### TASK PROMPT:
Leave out the pictures and repeat the data exactly.

### EXCERPTED DATA:
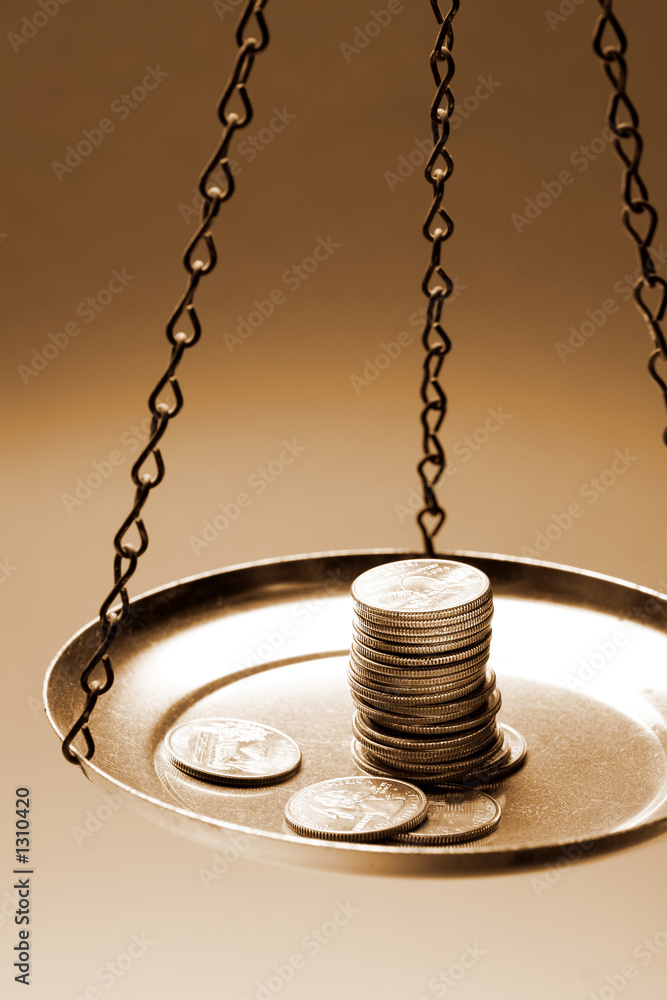 money on a balance scale money on a balance scale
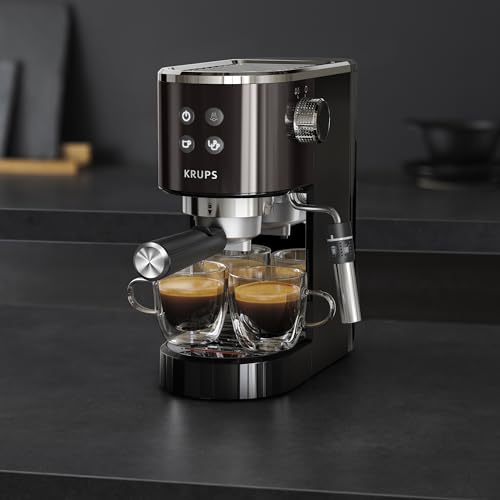 Machine à expresso Krups Virtuoso Essential - 15 bars. Acier inoxydable noir. Design compact et élégant. Arrêt automatique. Expresso et cappuccino. Thermobloc. Buse vapeur. Doseur inclus. XP4418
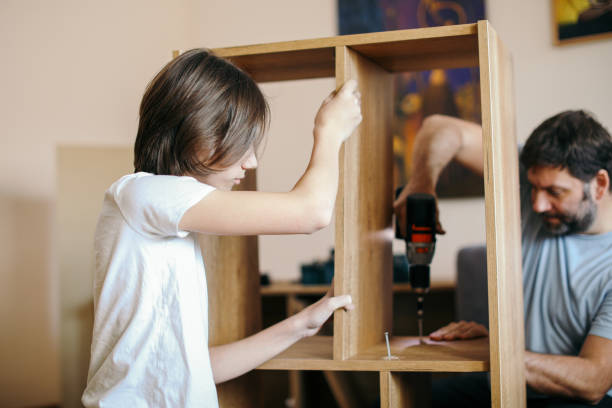 istock Father and son assembling bookshelves at their home 1371278814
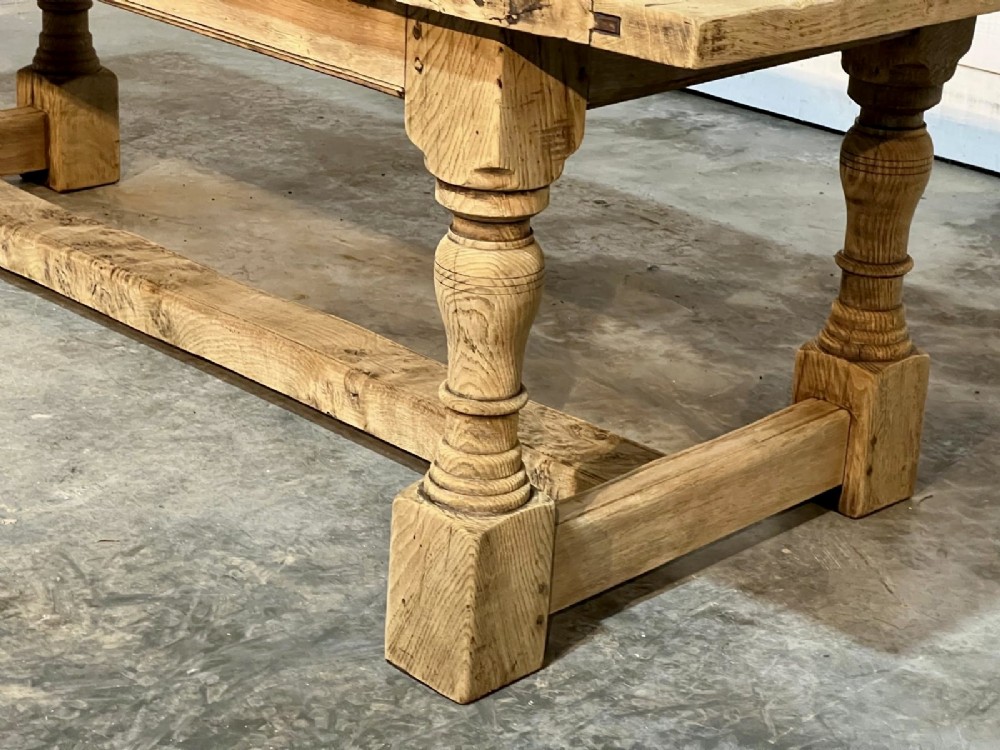 A rectangular bleached oak farmhouse dining table featuring turned baluster legs and a central stretcher base. View XIII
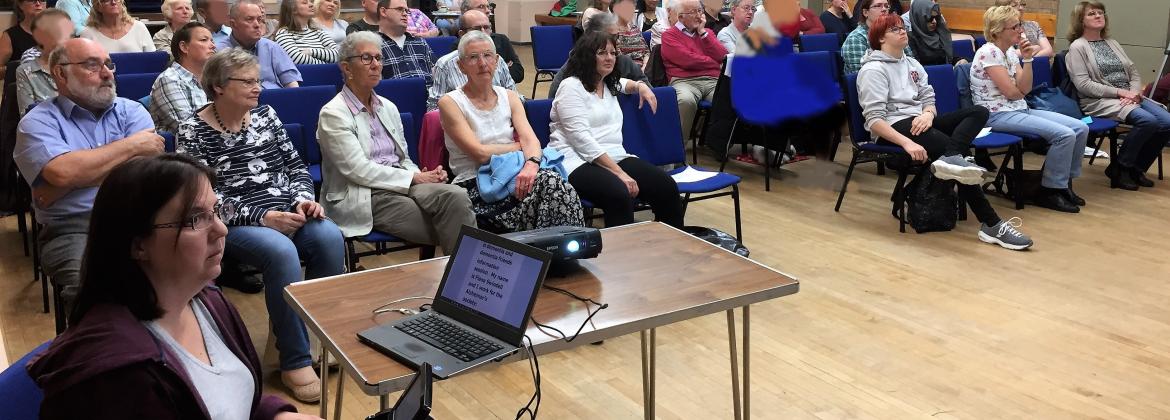 audience at a Saturday Forum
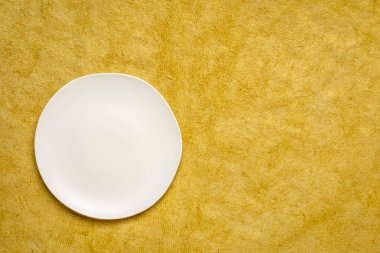 El yapımı Huun Maya Kağıt kopya alanı ile sarı bir ayçiçeği düzensiz bir kenar ile beyaz seramik tabak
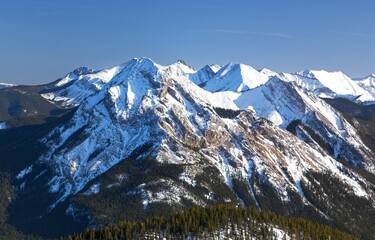 Fototapeta na wymiar Snow Covered Mount Baldy Peak in Alberta Kananaskis Country Mountain Range. Early Springtime Landscape Scenery in Canadian Rockies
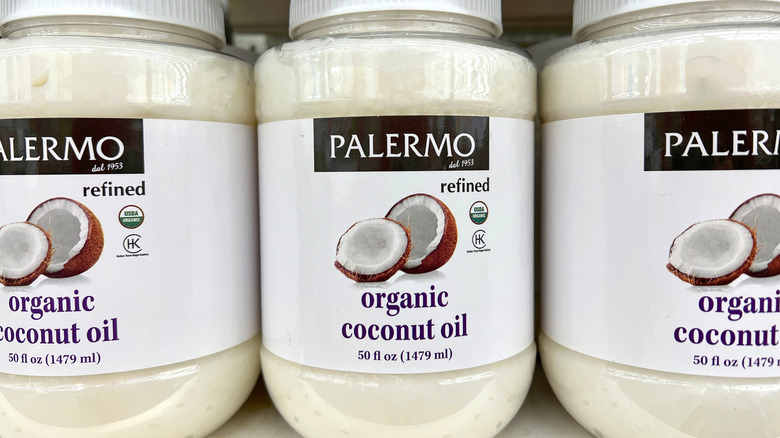 Jars of organic refined coconut oil on a supermarket shelf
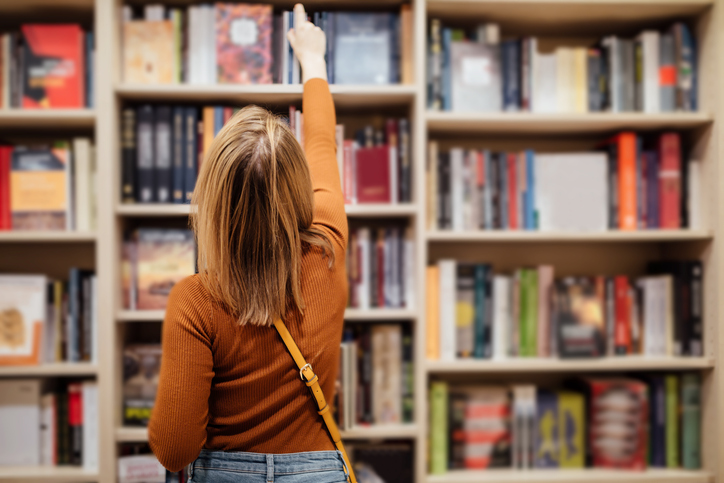 Pretty young girl with loose long blondie hair standing and holding an open book between book shelves in the library, reading and looking into the book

### RESULT FOR THIS EXERCISE:
 money on a balance scale money on a balance scale
 Machine à expresso Krups Virtuoso Essential - 15 bars. Acier inoxydable noir. Design compact et élégant. Arrêt automatique. Expresso et cappuccino. Thermobloc. Buse vapeur. Doseur inclus. XP4418
 istock Father and son assembling bookshelves at their home 1371278814
 A rectangular bleached oak farmhouse dining table featuring turned baluster legs and a central stretcher base. View XIII
 audience at a Saturday Forum
 El yapımı Huun Maya Kağıt kopya alanı ile sarı bir ayçiçeği düzensiz bir kenar ile beyaz seramik tabak
 Fototapeta na wymiar Snow Covered Mount Baldy Peak in Alberta Kananaskis Country Mountain Range. Early Springtime Landscape Scenery in Canadian Rockies
 Jars of organic refined coconut oil on a supermarket shelf
 Pretty young girl with loose long blondie hair standing and holding an open book between book shelves in the library, reading and looking into the book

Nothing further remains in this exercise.